Date of Degree
Summer 2025
Document Type
DNP Scholarly Project
Academic Department
School of Nursing
Degree Type
Doctoral
Degree Name
Doctor of Nursing Practice
Abstract
Problem: Primary care settings often encounter patients with depression symptoms, characterized by feelings of sadness, lack of interest in activities, and functional impairment, impacting quality of life. At the project site, the PHQ-9 was only used during annual or new patient visits, resulting in low screening rates of 12% and a 33% referral rate. The lack of routine screening led to missed opportunities for mental health referrals and detection of depression.
Aim of the Project: The aim of the project was to increase mental health referral rates through early identification of depression symptoms by implementing routine PHQ-2 screens.
Review of the Evidence: Literature supports the use of the PHQ-2 as a validated and brief pre-screening tool for patients at risk for depression. When followed by the PHQ-9 diagnostic accuracy is increased and timely referrals can be made. Literature demonstrates the positive impact on outcomes and integration into primary care when utilizing this two-step screening process.
Project Design: A quality improvement (QI) initiative using the OhioHealth Change Management (OHCM) Model and two Plan-Do-Study-Act (PDSA) cycles guided the implementation. A multi-disciplinary team included administrative leadership, a physician, nurse practitioners, LPN, front desk staff, and IT. Weekly data review and capture of stakeholder feedback occurred throughout implementation.
Intervention: PHQ-2 screening was integrated into the electronic health record (EHR) for every patient visit. PDSA Cycle 1 solved a workflow gap ensuring that positive PHQ-2 results triggered the PHQ-9. PDSA Cycle 2 addressed onboarding new staff using education to inform the workflow and using teach-back methods to ensure comprehension for new staff.
Significant Findings/Outcomes: Rates of screening increased from 12% to 100%, and the referral rate from 33% to 47.4%. Final change readiness surveys showed full confidence by all staff in the workflow and availability of resources.

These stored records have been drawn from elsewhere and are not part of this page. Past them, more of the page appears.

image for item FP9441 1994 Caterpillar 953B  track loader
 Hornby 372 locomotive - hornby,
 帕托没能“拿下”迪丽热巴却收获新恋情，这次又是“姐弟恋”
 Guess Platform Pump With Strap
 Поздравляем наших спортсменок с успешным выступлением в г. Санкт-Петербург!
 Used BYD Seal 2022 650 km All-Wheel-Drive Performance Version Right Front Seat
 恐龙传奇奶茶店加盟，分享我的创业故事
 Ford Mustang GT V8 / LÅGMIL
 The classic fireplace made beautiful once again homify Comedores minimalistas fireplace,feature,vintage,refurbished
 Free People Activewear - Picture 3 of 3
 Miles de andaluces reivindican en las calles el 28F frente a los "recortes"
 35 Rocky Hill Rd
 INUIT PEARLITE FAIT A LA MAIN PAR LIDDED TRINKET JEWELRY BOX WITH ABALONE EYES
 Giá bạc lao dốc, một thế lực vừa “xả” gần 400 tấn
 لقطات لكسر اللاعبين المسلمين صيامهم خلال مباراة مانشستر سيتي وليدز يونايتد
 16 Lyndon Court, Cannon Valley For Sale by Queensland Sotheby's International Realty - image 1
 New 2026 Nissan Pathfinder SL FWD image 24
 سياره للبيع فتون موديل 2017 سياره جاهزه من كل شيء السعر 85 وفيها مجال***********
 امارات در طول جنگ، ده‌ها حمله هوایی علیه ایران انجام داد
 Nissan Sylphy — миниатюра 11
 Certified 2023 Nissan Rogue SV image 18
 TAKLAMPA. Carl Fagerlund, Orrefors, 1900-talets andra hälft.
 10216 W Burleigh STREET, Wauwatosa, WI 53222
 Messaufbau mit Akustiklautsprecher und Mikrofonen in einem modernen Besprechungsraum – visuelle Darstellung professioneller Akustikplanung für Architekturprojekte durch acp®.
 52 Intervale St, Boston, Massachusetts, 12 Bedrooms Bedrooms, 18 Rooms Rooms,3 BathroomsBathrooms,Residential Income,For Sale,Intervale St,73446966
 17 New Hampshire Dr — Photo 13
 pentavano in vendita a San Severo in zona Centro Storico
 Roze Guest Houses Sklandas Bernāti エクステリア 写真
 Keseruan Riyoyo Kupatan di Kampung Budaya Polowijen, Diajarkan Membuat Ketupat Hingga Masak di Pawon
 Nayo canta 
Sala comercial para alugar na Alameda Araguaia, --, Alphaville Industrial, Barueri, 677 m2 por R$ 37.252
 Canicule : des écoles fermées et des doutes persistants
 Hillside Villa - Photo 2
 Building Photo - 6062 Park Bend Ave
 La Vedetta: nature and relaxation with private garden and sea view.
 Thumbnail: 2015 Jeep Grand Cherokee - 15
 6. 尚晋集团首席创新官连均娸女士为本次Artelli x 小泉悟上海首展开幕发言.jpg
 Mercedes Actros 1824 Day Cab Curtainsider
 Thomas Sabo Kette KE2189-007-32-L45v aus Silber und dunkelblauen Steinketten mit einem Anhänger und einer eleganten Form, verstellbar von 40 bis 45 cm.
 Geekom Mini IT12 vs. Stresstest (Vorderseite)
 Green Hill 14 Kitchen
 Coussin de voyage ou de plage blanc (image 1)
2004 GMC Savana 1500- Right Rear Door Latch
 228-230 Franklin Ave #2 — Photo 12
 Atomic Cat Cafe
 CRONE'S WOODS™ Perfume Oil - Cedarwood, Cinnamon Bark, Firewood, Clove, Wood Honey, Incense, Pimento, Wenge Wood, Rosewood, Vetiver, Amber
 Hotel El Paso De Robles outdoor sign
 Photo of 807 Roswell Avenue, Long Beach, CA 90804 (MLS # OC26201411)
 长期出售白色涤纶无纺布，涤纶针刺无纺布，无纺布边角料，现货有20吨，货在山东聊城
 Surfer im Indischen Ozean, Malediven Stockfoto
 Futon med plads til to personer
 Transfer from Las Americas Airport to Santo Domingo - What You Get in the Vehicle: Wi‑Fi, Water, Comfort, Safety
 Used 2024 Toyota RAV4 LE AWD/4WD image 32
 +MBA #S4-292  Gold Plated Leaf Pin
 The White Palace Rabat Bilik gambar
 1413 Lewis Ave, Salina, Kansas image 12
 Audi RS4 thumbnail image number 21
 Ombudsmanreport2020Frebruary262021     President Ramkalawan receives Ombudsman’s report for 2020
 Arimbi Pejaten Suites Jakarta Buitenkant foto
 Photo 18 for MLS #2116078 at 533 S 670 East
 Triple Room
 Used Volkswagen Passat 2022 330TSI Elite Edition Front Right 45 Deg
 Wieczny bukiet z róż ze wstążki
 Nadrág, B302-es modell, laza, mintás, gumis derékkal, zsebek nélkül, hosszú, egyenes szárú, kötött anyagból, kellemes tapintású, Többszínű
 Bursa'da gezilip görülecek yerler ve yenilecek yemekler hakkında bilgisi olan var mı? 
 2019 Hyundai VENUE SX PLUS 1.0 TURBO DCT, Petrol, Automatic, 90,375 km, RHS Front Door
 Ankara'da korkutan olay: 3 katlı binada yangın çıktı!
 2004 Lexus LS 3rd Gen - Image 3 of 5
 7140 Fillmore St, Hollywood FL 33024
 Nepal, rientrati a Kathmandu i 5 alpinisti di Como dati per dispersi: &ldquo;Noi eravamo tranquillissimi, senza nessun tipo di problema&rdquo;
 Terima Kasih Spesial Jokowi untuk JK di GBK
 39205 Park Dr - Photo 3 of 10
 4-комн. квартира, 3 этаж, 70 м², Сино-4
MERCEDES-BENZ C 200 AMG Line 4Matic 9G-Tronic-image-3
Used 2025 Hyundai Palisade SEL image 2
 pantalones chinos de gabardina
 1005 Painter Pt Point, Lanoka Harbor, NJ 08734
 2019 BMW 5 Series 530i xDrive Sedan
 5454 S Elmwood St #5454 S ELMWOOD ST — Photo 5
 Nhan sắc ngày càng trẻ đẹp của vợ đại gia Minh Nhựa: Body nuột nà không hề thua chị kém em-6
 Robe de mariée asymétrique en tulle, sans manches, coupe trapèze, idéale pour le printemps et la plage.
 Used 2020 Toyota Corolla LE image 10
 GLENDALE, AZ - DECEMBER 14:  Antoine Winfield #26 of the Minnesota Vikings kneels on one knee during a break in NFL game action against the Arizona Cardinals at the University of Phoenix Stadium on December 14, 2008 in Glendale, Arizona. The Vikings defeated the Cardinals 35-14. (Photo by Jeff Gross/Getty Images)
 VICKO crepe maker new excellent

Implications for Nursing: This nurse-led QI project showed that a structured workflow, validated screening tools and stakeholder engagement improved mental health referrals and detection of depression in a primary care setting. The QI project aligned with the IHI Triple Aim as well as the IOM Six Aims by supporting access, timeliness, and patient-centeredness of care delivery.
Recommended Citation
Murakata, Kelly, "Implementing the Patient Health Questionnaire-2 to Improve Referral Rates to Mental Healthcare Through Routine Depression Screening" (2025). Doctor of Nursing Practice (DNP) Scholarly Project. 22.